Élise Elsacker manipule de l'agar-agar dans le but de créer un matériau organique qui puisse être utilisé dans une imprimante 3D © Laurane Bindelle

Le Champignon est-il le matériau du futur?

Stagiaire Le Vif

Scientifiques et amateurs cherchent le moyen de fabriquer des objets biodégradables, à base de champignons.

Notre société est une ode au plastique, au suremballage et aux différents produits d’origine animale. Produit fossile, le plastique pose le problème environnemental de la consommation et du renouvellement des ressources. Nous achetons des produits emballés individuellement qui sont eux-mêmes assemblés dans un emballage pour ensuite être transportés dans divers sacs plastiques. À côté de ça, nous chaussons nos pieds de peaux d’animaux qui sont parfois assemblées à l’aide de colle d’origine animale.

Sur une terre surpeuplée, où l’offre ne satisfait plus la demande et où les déchets se font de plus en plus présents, il est temps de réagir et de proposer des alternatives plus viables. De nombreuses initiatives existent déjà aux États-Unis, en Hollande et même ici, en Belgique. Ces projets ne disposent pas des mêmes moyens que les grandes multinationales, mais ils tentent, à leur échelle, d’apporter une nouvelle vision de la consommation de certains produits.

Si les éco-emballages existent déjà, comme ceux faits à partir d’amidon de maïs, de blé ou de pomme de terre, ils ne représentent pourtant pas une vraie solution. Ils soulèvent en effet la question de la compétition avec les cultures alimentaires, et donc une surproduction et une augmentation des coûts. Face à ça, un autre acteur semble petit à petit s’installer comme une alternative plausible. Il pousse partout, n’a pas besoin de grand-chose pour se développer et est de plus en plus utilisé à d’autres fins que son utilisation première, la cuisine. À la place de le déguster en velouté, en sauce, ou farcis au beurre d’ail, vous pourrez peut-être bientôt l’utiliser comme emballage ou le porter à vos pieds. Il s’agit du champignon et plus exactement de son mycélium.

Le biomimétisme : s’inspirer du vivant

Quand un problème se pose à vous, observez la nature.

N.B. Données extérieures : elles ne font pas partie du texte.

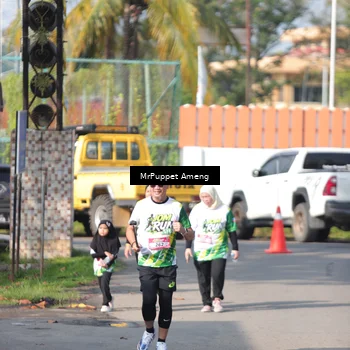Runner Photo 8200400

Si elle a déjà rencontré les mêmes difficultés, elle aura sûrement déjà trouvé la solution. Voilà l’idée de base du biomimétisme, une science qui s’inspire du vivant pour mettre au point des technologies performantes et de nouveaux matériaux.

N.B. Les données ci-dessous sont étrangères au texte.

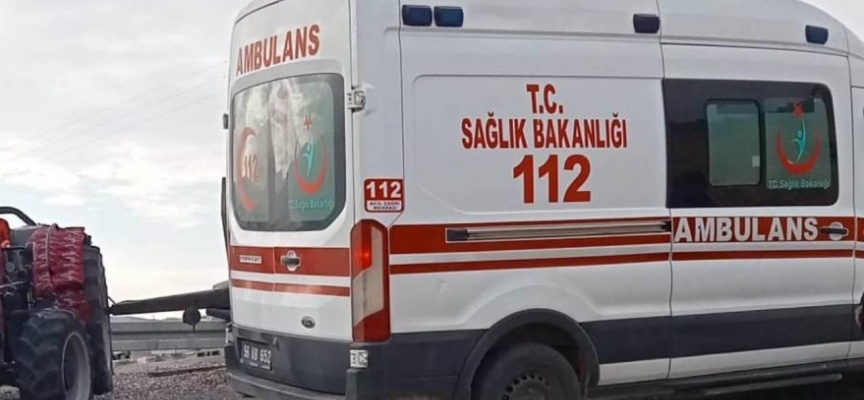 Siirt'te devrilen traktördeki 2 kişi yaralandı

Cette discipline représente une réelle opportunité pour le futur et prend de l’ampleur au sein des stratégies d’innovation de certaines entreprises. Le biomimétisme commence tout doucement à s’inspirer des propriétés des matériaux naturels et de leur processus de fabrication pour remplacer certains matériaux utilisés dans la vie de tous les jours.

MAGMA NOVA, créer un matériau végétal

L’action citoyenne est souvent le moteur du progrès. À l’origine du projet Magma Nova, on retrouve Élise Elsacker, une jeune architecte bruxelloise.

Grâce à un changement complet de son mode de vie, elle vit depuis plus de deux ans sans produire de déchet. Mais aujourd’hui, sa réflexion va plus loin. « J’ai réalisé que j’arrivais à ne plus mettre de poubelle dehors, mais j’ai également réalisé que tout ce qui était autour de moi deviendrait un jour ou l’autre un déchet. »

De sa simple conviction personnelle naît un projet ambitieux. « Je me suis mise à la recherche d’autres matériaux, des alternatives au plastique, alors j’ai commencé à faire des expérimentations dans ma cuisine. » À partir des petits exemplaires qu’elle fabrique, Élise se rend compte qu’il y a un vrai potentiel à développer. Elle partage alors sur son blog ses nouvelles trouvailles, ses commentaires et opinions, c’est ce qui lui a permis d’entrer en contact avec des scientifiques. Elle rencontre entre autres Winnie Poncelet avec qui elle cofondera Magma Nova en 2014, pionnier dans le secteur des biomatériaux et de la manufacture du futur en Belgique.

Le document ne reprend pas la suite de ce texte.